▶ To do: The line containing "Chloe es mama" and every line after it, through the end of the records below, are to be reproduced exactly, with the pictures left out.

▶ Scraped caption text data:
* * *

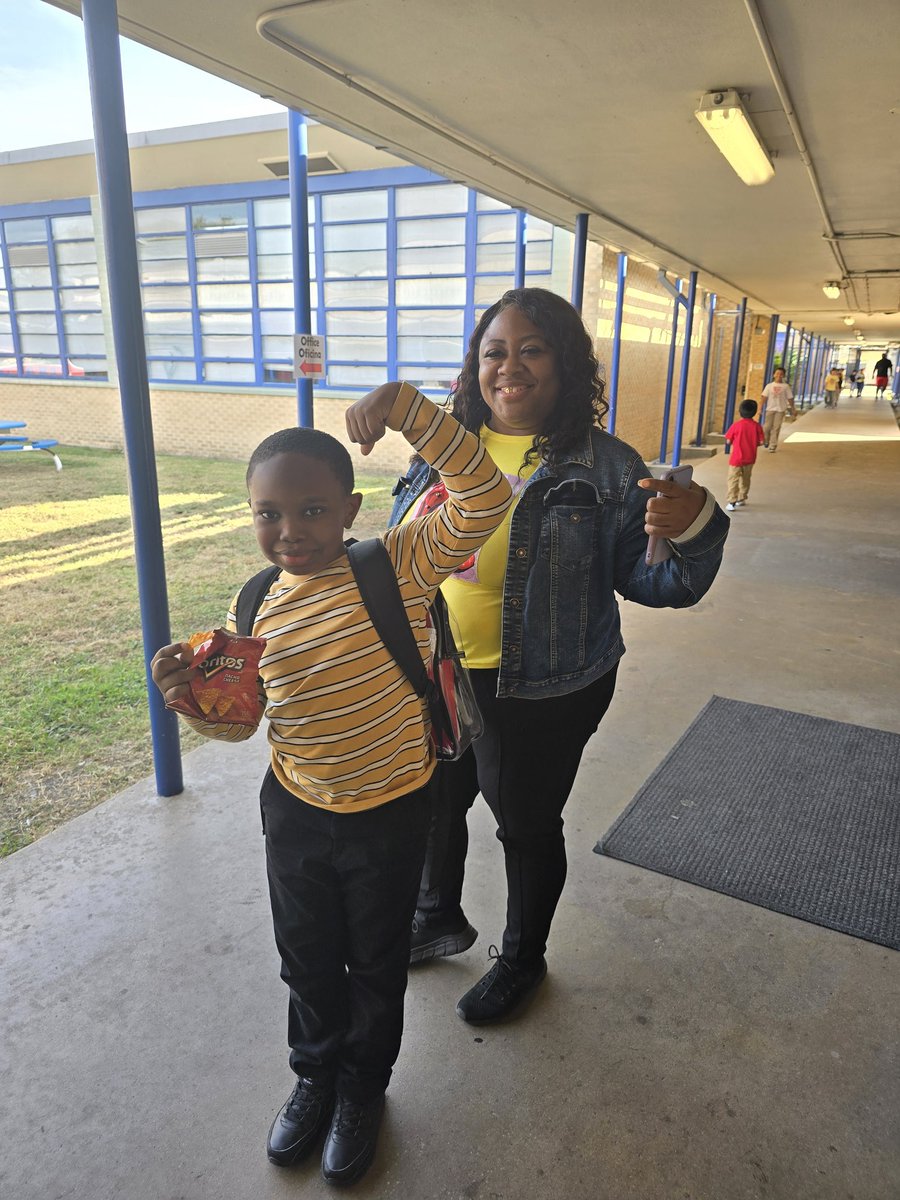 BetsyRossElem's tweet image. Yesterday we wore yellow to represent respect for #CharacterCountsWeek! 💛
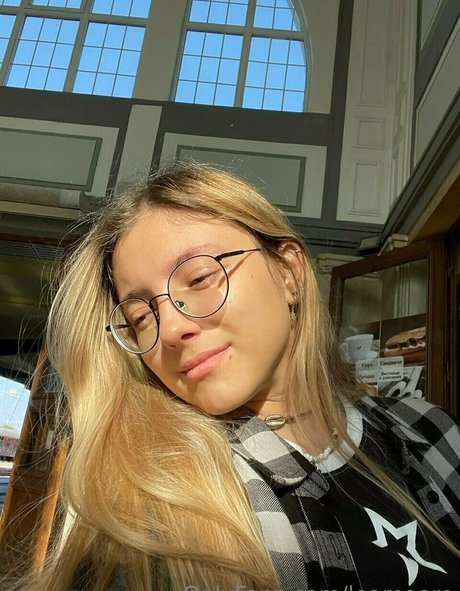 leamoore トップスター 写真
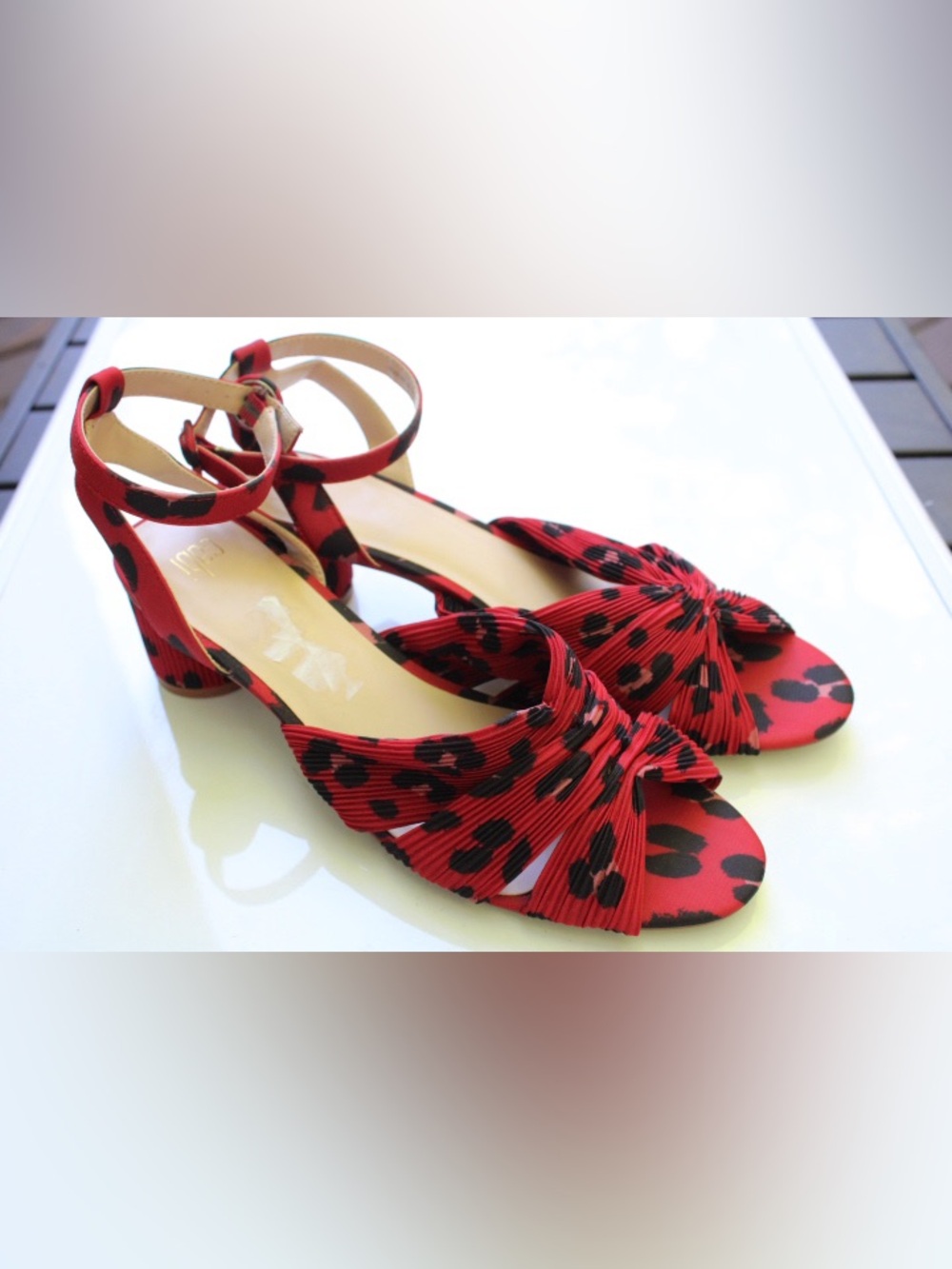 CAbi siren sandals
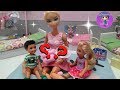 Chloe es mama de 2 BEBES LOL 🦄 Videos de Ladybug Barbie y muñecas LOL - Los Juguetes de JJ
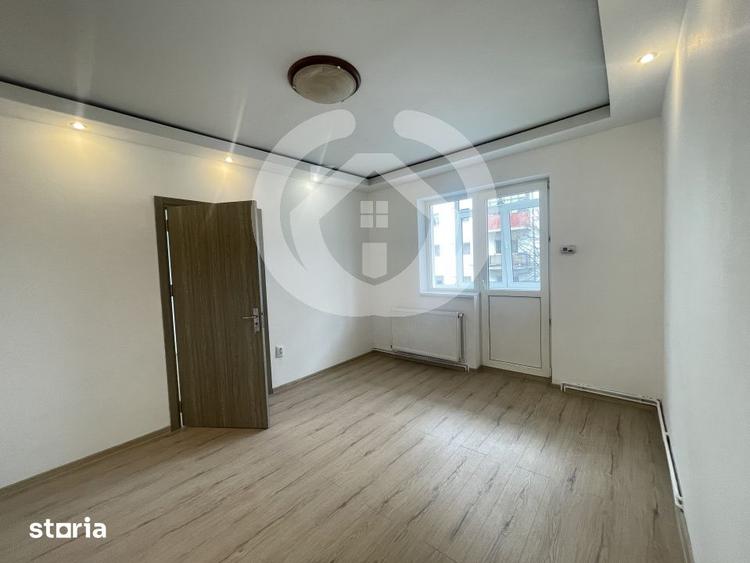 Apartament cu 3 camere semidecomandat în Hipodrom 3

* * *

▶ Answer for the task:
 Chloe es mama de 2 BEBES LOL 🦄 Videos de Ladybug Barbie y muñecas LOL - Los Juguetes de JJ
 Apartament cu 3 camere semidecomandat în Hipodrom 3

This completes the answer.